В XVIII веке слухи все чаще связывают образ короля с некими зловещими кровавыми процедурами, которые так или иначе нужны королю для очищения (иными словами, для телесного эквивалента репрезентационной метаморфозы). По поводу Людовика XV упорно распространялись слухи, что он принимает ванны из детской крови для того, чтобы избавиться от проказы, которой он якобы был болен (ср. с мотивом Христа как прокаженного в тексте Овре) [60]. Получает распространение представление о дегенерации королевской крови, которая якобы нуждается в улучшении самыми варварскими методами. Один из направленных против Марии-Антуанетты памфлетов, “Историческое эссе о жизни Марии-Антуанетты, королевы Франции и Наварры, урожденной эрцгерцогини Австрийской” (Essai historique sur la vie de Marie-Antoinette, reine de France et de Navarre, nОe archiduchesse d’Autriche, 1789), приписывает королеве неукротимое желание пить французскую кровь из “преступного кубка” (la coupe du crime). “…Скоро <…> мы будем пить из него кровь французов прямо из их черепов; варварская утонченность, многочисленные примеры которой оставила нам Древность” [61], — говорит королева.
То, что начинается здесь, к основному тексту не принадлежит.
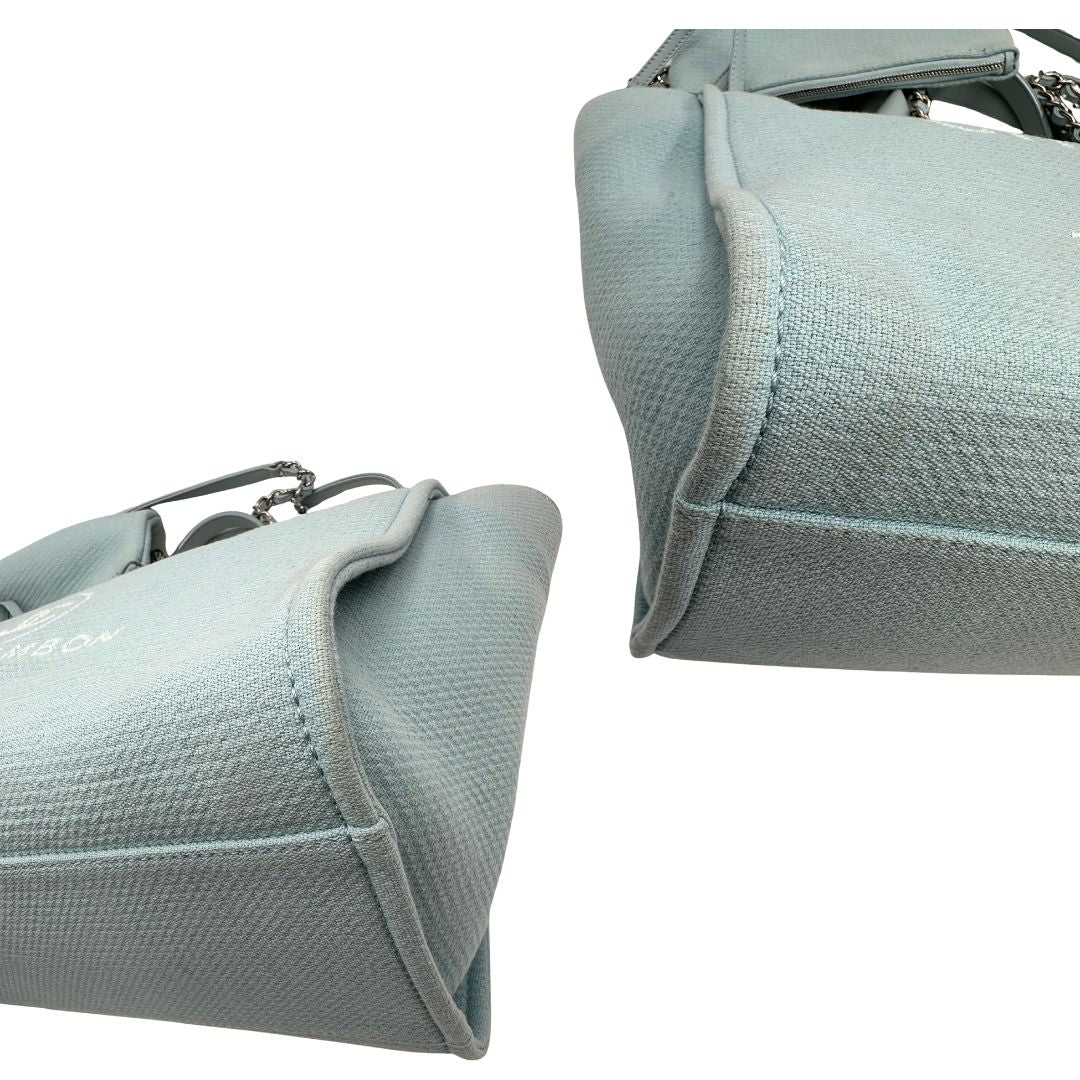 angoli Borsa Chanel in tessuto azzurro con parti metalliche argentate; munita di una pochette estraibile e amovibile, doppi manici per portarla a mano e doppi manici in catena e pelle per portarla a spalla. Completa di dustbag, di lusso, originale, usata.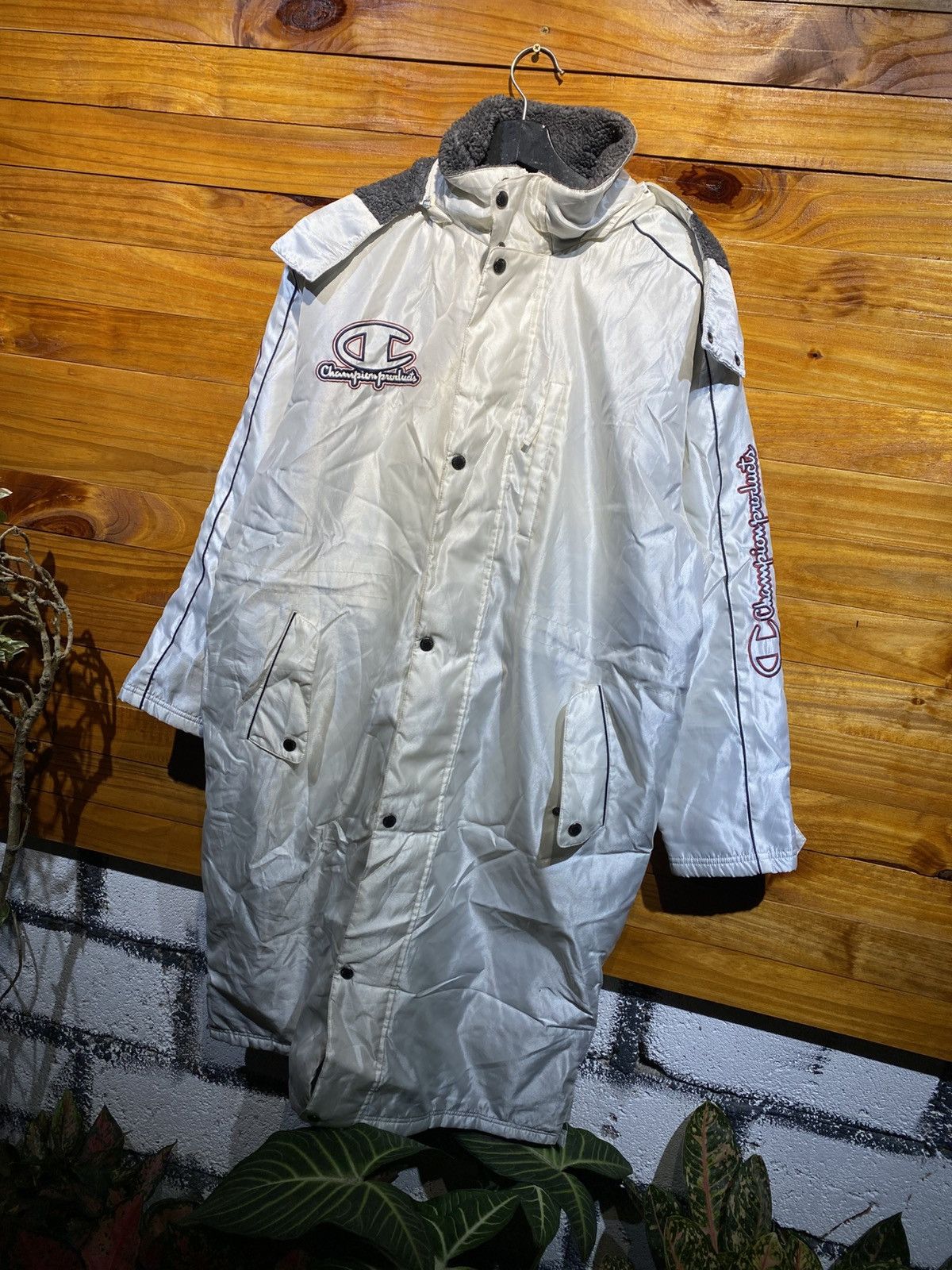 Champion Vintage Champion Products White Long Parka Jacket Sherpa Size US S / EU 44-46 / 1 - 4 Thumbnail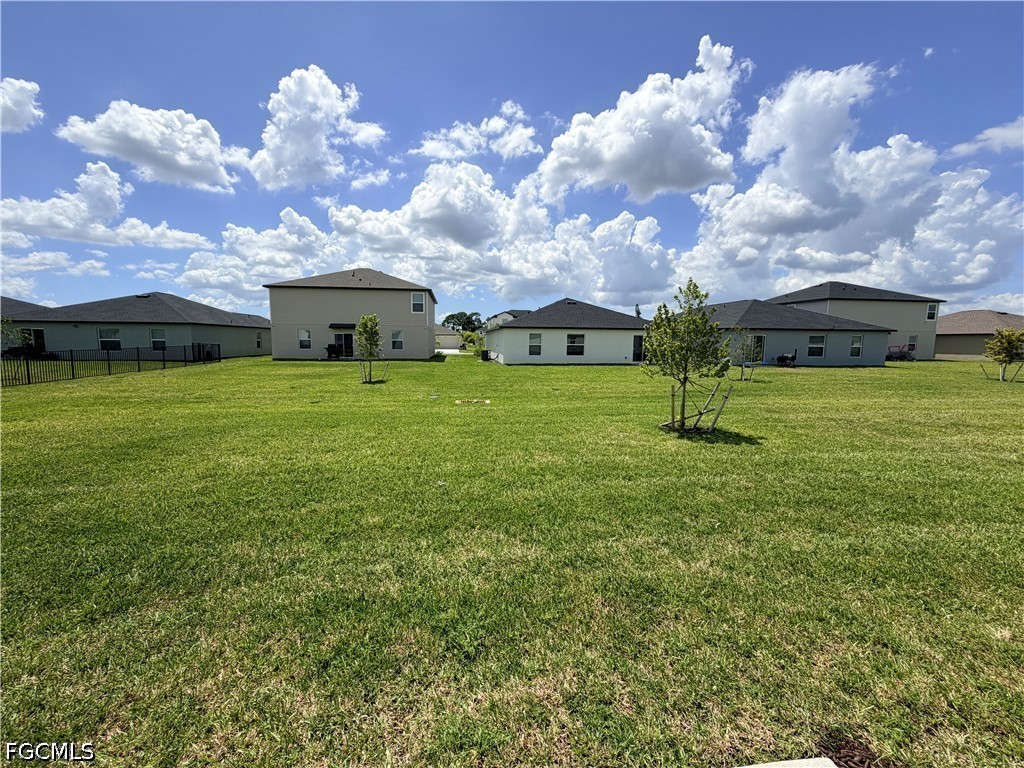 3 Bed SingleFamilyResidence for Sale in Crane Landing, photo 30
Такого рода тексты сближают, а в каком-то смысле и уравнивают монархов с гильотиной. Гротескная монструозность этих речей и слухов вполне перекликается с чудовищной кровожадностью ранних вивисекторов, например Гарвея, или барочных поэтов. Но они демонстрируют, каким образом кровь входит в тело, чье представление так или иначе связано с репрезентативными эксцессами. Кровь буквально должна пропитать их тела, чтобы гильотина рассекла их и обнаружила в них знаки, в данном случае — драматические письмена десакрализации и смерти.
В каком-то смысле любая обнаруживаемая под верхним слоем поверхность является носителем письмен, даже если она так же девственно чиста, как и верхний покров. Само ее появление из сферы “сокровищ” уже предполагает наличие шифра на ней. Проблематика покрова неразрывно связана с самой сутью проблематики репрезентации. Репрезентация проявляет свою парадоксальность особенно явно именно в “двойных” изображениях типа композитных портретов, где, как было сказано, знаковое и телесное оказываются в ситуации неопределенности, неустойчивого баланса. В таких случаях иллюзия фигуративности то возникает, то разрушается. Репрезентация проявляет свою хрупкость и зависимость от “тела”. “Тело” все время угрожает знаку, а знак — “телу”. Но именно в этом контексте можно на более фундаментальном уровне понять проблематику смерти в связи с изображением. Гильотинирование, очищение, срезание плоти, диссекция, проникновение внутрь — все это процессы, как раз и происходящие на грани между знаком и телом, между символическим и физиологическим, на грани между смертью и жизнью.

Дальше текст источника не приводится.